According to a twelfth aspect of the present invention, in addition to the structure of the tenth aspect, a non-winding type substrate coil is formed of a printed board by an etching method. Since it is highly versatile, it is possible to improve procurement and reduce costs.

According to a thirteenth aspect of the present invention, in addition to the configuration of the third aspect, a protrusion is provided on at least one of the coil base and the cover where the thin plate conductor is sandwiched and fixed. By forming the height of the protrusions according to the height of sandwiching the thin plate-shaped conductor in the laminated coil, the coil base and the thin plate-shaped conductor can be formed without stressing the laminated coil. Can be fixed, and the reliability of the thin transformer can be improved.

According to a fourteenth aspect of the present invention, in addition to the structure of the thirteenth aspect, the protrusion is formed by two or more steps, and a plurality of thin plate conductors are formed in the laminated coil. When sandwiched, stress is applied to the laminated coil by setting the height and position of the protrusions according to the height of each thin-plate conductor in the laminated coil and the position where the thin-plate conductor is pulled out. The coil base and the thin plate-shaped conductor can be fixed to each other without increasing the reliability of the thin transformer.

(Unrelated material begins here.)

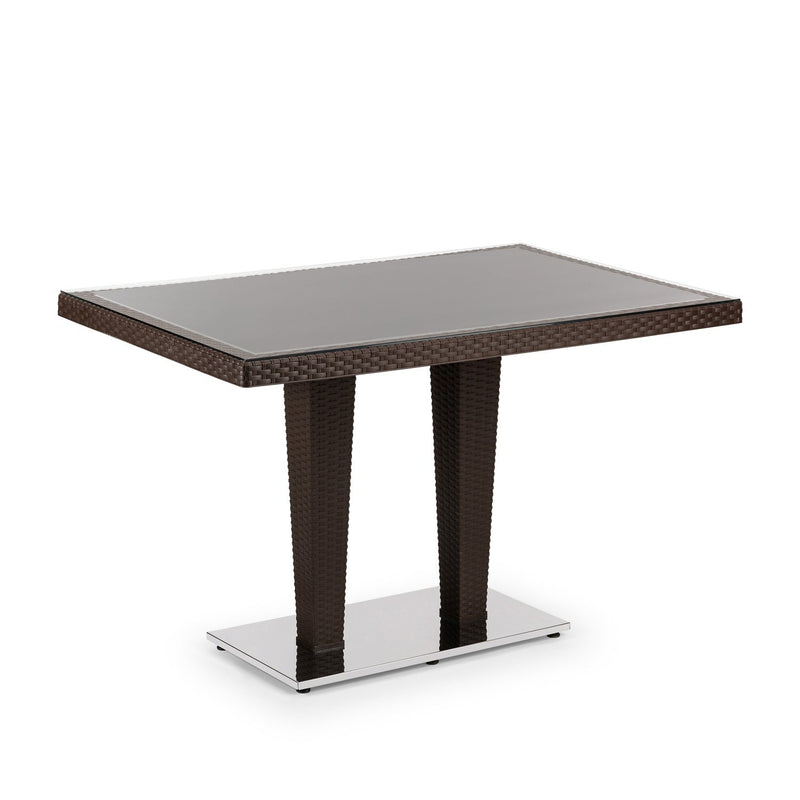 Tilia Antares Rattan Masa Cam Tabla Krom Ayak 80×120 cm, Bahçe, Balkon, Kafe, Restoran, Dış Mekan İçin-zoom-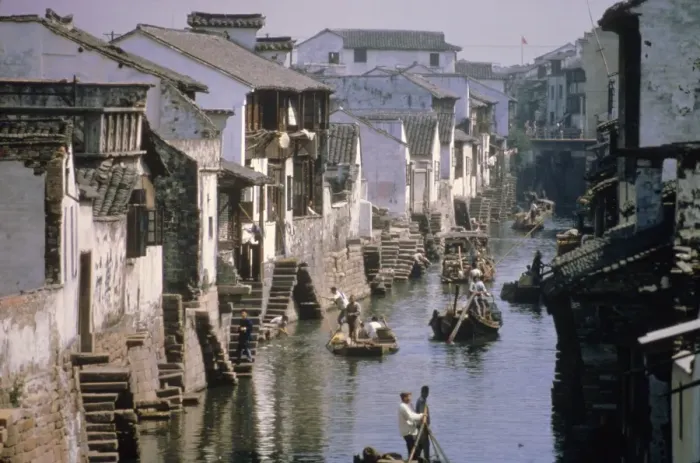 Framed Print : Ancient canal in the city, part of the Great Canal, the longest in China Framed Print : Ancient canal in the city, part of the Great Canal, the longest in China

According to a fifteenth aspect of the present invention, in addition to the structure of the third aspect, a claw is provided on at least one of the coil base and the cover to fit the coil base and the cover. The coil base, the laminated coil, and the thin plate-shaped conductor can be easily fixed.

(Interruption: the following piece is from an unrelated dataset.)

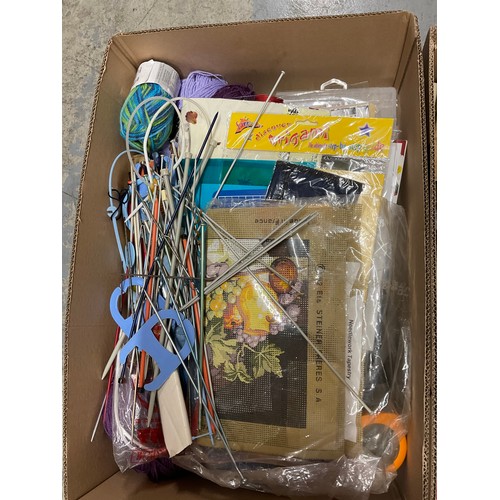 196 - FOUR BOXES OF CRAFTING ITEMS TO INCLUDE TAPESTRY KIT, KNITTING NEEDLES ETC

Embodiments of the present invention will be specifically described below with reference to the drawings.

(Embodiment 1) A first embodiment of the present invention will be described with reference to FIGS.

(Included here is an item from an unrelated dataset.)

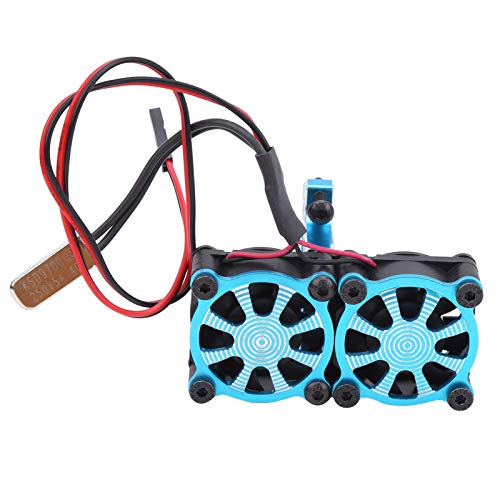 Dilwe Motorkühler, doppelter RC-Motorkühlventilator Einstellbarer Motorkühler Upgrade Ersatzteile Kompatibel mit 1/10 RC Car(Blau) von Dilwe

FIG. 1 is a perspective view of a finished product of a thin transformer, FIG. 2 is an exploded perspective view, and FIG. 3 is a perspective view of essential parts showing a spiral coil portion and a thin plate conductor portion wound in two layers. FIG. 4 is a cross-sectional view of a main part showing a spiral coil portion and a thin plate conductor portion that are wound in two layers.

According to the figure, the first layer and the second layer are continuously wound in a two-layer winding without cutting in the middle, and on the side opposite to the lead wire of the coil, the first layer to the second layer. The two-layer spiral coil moved to the eye
Prepare in advance.

At this time, the first layer is wound from the outside to the inside, and the second layer is wound from the inside to the outside.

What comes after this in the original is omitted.